Si uno observa la vida entera de los humanos, tras separarnos del padre simio, puede que vea una larga línea de sucesos que se siguen el uno al otro racionalmente: del politeísmo al monoteísmo, del mundo agrícola al informático, de las monarquías a las democracias, y así sucesivamente. Es la historia según Hegel, en la que cuanto sucede no tenía más remedio que suceder. Hay víctimas colaterales, cierto, pero no cuentan para la historia. Es una historia teológica. Siberia, por ejemplo, para Hegel estaba fuera de la historia. Cuando Dostoievski lo leyó en Semipalatinsk rompió a llorar, como cuenta László Földényi en su célebre ensayo. El terrible sufrimiento, la mortal tortura que estaban soportando los condenados, no entraba en la historia, era daño colateral, inevitable para el avance progresista de la historia real.

Nuestro peregrinaje bajo el sol también se puede ver a la manera de Benjamin y entonces comparece la historia trágica.
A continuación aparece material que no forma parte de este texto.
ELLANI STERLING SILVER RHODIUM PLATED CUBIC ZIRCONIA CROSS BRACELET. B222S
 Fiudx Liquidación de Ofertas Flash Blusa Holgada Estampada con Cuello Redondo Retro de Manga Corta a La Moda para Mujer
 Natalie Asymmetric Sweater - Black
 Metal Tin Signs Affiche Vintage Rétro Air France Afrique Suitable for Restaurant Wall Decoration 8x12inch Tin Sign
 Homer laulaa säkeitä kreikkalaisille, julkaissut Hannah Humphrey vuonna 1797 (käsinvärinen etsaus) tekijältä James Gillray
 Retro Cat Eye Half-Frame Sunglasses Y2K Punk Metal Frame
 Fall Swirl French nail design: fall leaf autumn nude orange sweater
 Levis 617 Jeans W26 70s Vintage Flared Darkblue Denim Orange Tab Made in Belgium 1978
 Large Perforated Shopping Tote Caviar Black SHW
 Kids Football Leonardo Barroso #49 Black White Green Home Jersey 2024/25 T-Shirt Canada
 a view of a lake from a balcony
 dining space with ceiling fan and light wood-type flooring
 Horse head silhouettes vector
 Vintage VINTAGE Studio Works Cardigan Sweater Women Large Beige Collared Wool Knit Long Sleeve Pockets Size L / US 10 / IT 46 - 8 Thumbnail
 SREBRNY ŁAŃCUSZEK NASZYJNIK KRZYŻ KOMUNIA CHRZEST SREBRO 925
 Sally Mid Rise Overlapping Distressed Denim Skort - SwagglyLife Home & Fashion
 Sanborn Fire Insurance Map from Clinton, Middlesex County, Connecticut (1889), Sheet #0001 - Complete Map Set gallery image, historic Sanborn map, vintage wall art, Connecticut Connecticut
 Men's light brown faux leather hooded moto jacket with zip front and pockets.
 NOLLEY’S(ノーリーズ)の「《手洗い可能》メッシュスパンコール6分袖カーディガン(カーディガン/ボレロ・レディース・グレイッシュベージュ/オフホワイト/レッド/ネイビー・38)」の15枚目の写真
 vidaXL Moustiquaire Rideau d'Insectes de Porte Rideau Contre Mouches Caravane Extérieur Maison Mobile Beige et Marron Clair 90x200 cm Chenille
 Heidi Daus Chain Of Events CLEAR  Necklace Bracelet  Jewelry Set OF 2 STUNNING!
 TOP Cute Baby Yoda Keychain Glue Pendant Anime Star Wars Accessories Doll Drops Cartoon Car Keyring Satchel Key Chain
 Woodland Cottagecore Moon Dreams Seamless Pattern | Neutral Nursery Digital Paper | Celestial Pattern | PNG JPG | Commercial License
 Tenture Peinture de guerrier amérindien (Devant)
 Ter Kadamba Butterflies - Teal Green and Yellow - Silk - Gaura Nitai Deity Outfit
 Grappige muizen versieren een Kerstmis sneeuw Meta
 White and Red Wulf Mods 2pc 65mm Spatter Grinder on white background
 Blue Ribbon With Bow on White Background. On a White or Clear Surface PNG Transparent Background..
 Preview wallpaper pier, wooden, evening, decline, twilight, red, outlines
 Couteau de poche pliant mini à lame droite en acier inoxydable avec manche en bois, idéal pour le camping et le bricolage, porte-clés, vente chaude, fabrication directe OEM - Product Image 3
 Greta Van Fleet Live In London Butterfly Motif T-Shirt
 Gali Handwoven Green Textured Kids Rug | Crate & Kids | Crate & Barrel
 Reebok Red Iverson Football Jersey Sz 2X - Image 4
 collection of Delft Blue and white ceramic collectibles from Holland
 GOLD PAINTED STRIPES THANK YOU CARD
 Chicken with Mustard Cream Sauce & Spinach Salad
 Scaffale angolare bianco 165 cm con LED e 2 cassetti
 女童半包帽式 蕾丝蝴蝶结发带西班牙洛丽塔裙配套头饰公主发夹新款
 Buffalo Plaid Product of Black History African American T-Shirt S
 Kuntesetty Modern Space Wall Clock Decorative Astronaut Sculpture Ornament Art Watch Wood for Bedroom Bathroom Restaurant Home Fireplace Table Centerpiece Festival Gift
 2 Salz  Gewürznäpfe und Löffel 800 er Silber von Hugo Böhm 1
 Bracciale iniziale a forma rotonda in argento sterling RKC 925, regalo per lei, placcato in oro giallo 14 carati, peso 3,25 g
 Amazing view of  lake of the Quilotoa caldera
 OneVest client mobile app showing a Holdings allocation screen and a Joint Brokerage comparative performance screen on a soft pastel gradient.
En este otro modelo, empujadas por el huracán del progreso, montañas de cadáveres se van acumulando a los pies del Ángel del Progreso, el cual avanza, pero de espaldas, horrorizado por la carnicería que va lloviendo torrencialmente ante él. Para esta otra historia, el sufrimiento de los condenados en Siberia es el único contenido de nuestra enigmática residencia en el cosmos.

Casi todos los políticos son hegelianos. ¿Qué importancia tiene el hambre, el sufrimiento, la prisión del inocente, la sumisión del pueblo a la idiotez, ante el imparable progreso ideológico de la nación, piensa Maduro? El pueblo revolucionario se satisface con canciones, prédicas televisivas, deportes viriles, o cuando llevan en sus brazos a un recién nacido, creen Maduro y sus seguidores.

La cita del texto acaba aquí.